Rheological characterization of an acetaminophen jelly

Y Inoue  1 R TakahashiH OkadaY IwasakiI MurataI Kanamoto
Affiliations

Rheological characterization of an acetaminophen jelly

Y Inoue et al. Indian J Pharm Sci. 2013 Jul.

Abstract

The aim of this study was to prepare an inclusion complex of acetaminophen and β-cyclodextrin (molar ratio of 1:1). A jelly with inclusion complexes formed by kneading was prepared. The formation of inclusion complexes was assessed by powder X-ray diffraction patterns and Fourier transform-infrared spectroscopy. Jellies were prepared with xanthan gum, gelatin, and κ-carrageenan. The concentration of each jelling agent was 0.5, 1.0, and 1.5% w/v. Viscoelasticity and dissolution characteristics were determined and osmometry was performed. PGWater(™), a commercial jelly for fluid replacement, served as a reference for viscoelastic characteristics and dissolution. Powder X-ray diffraction measurement revealed a different diffraction pattern for the kneading than for acetaminophen and β-cyclodextrin. Fourier transform-infrared spectroscopy revealed an absorption peak (at around 1655 cm(-1)) due to the carbonyl group and benzene ring (at around 1610 cm(-1)) of acetaminophen.
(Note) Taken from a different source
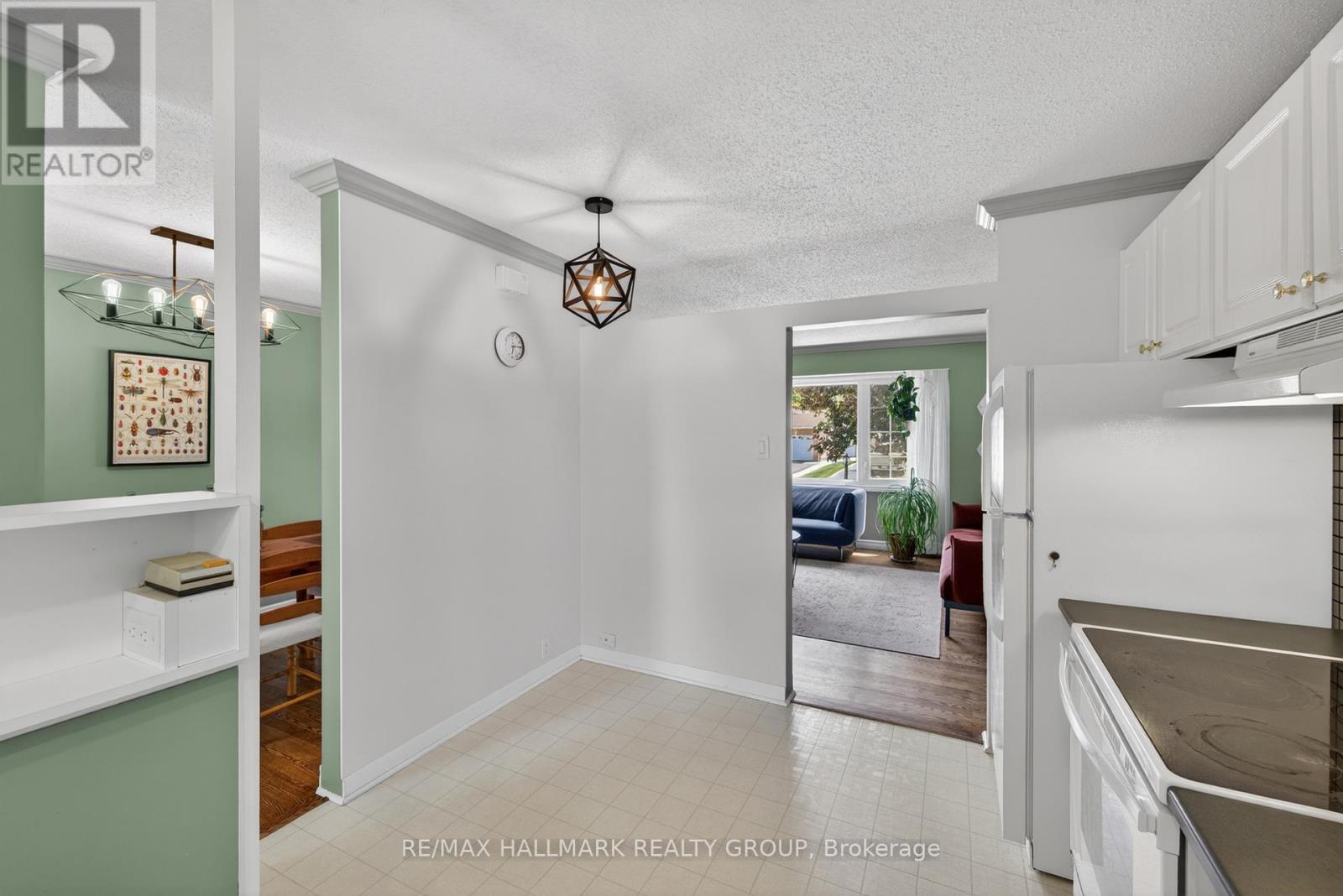 53 Farlane Boulevard, Ottawa, Ontario  K2E 5H3 - Photo 19 - X13427070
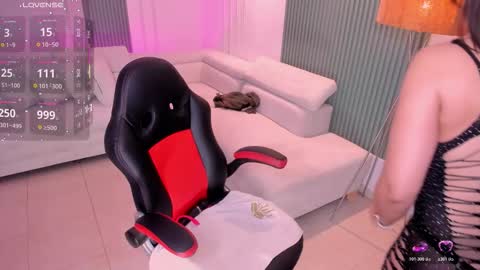 Snapshot of rachel_williamss chatting on 10.25.25 rachel online show from 10.25.25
In contrast, the kneaded mixture (1:1) had a shift in the absorption peak due to the carbonyl group (at around 1650 cm(-1)) in acetaminophen's molecular structure, and the formation of an inclusion complex was noted. The viscosity of xanthan gum-1.0, gelatin-1.5, and carrageenan-0.5 resembled the viscoelasticity of PGWater(™). The acetaminophen in gelatin-1.0 and carrageenan-0.5 had dissolution behavior similar to that of commercial acetaminophen preparations. The osmolality of jellies prepared in different concentrations ranged from about 20-50 mOsm/kg. Results suggested that carrageenan-0.5 could serve as a useful jelly vehicle for acetaminophen.

Keywords: Acetaminophen; jelly; viscoelasticity; β-cyclodextrin; κ-carrageenan.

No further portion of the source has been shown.